Sciatica came calling on April 29, when I bent over to get dressed. I felt a pop in my lower back.
Within four days, I had taken my first ambulance ride to the E.R. where I had my first cat scan, received my first steroid injection and dose of morphine. I’d also had an x-ray and two IV drips. I also met my health insurance deductible.
I’m sure there are ailments more painful than severe sciatica, but I don’t want to find out what they are.
The intake nurse at the emergency room asked me to rate my pain from 1 to 10.
“How about 10 plus?” I panted.
“Have you ever had thoughts of harming yourself?”
Not until today, I wanted to say. The sciatic pain felt like a knife in my hip. No, make that two knives.
Five days into this torment, I’d had enough. I was frustrated at maneuvering a walker around furniture and doorways. Between sciatic attacks, I planned trips through the house. One foray upstairs was like a trip to town, crawling up 16 steps with a list in my pocket to remind me what needed to be picked up or “done” before I returned to “home base.”
Pretty soon the word got out. Well-meaning folks called and dropped by. Some brought food, offered to do chores, shop for groceries and so on. I was grateful for all that, but at the same time, I’m the impatient, independent sort who has a hard time accepting help. I watched weeds grow by the foot while the dust and cobwebs accumulated in every corner. I reluctantly hired a cleaning service.
Four weeks into this ordeal, I’m happy to report that the pain has diminished. I’m thankful for concerned friends and family, and a spouse who put up with my grumbling and pushed the wheelchair through Walmart one day with me holding a gallon of milk, a bunch of bananas and other odds and ends that needed buying. I caught the eye of other handicapped shoppers, most of them in electrified carts, gingerly maneuvering past me, the weenie in the loaner wheelchair, juggling merchandise like an amateur.
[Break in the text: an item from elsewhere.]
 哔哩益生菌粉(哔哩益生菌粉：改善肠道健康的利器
Sciatica made my world shrink and my awareness grow. Until then, I’d never given much thought to the slope of sidewalks, moving around aisle displays, reaching merchandise on top shelves or how to use a credit card terminal positioned several inches above my head.
I had never considered how it is to use a motorized cart. Once you’re done with it, how does it get back inside the store? I hadn’t thought about the inconvenience of getting in and out of a wheelchair in the rain or how clumsy it is to cook a meal while sitting down.
Sciatica has brought several things to my life, among them a wake-up call that this “old-person’s ailment” is part of my here and now. And like a lot of things that pop up in life, it’s not something we want; it’s what we get.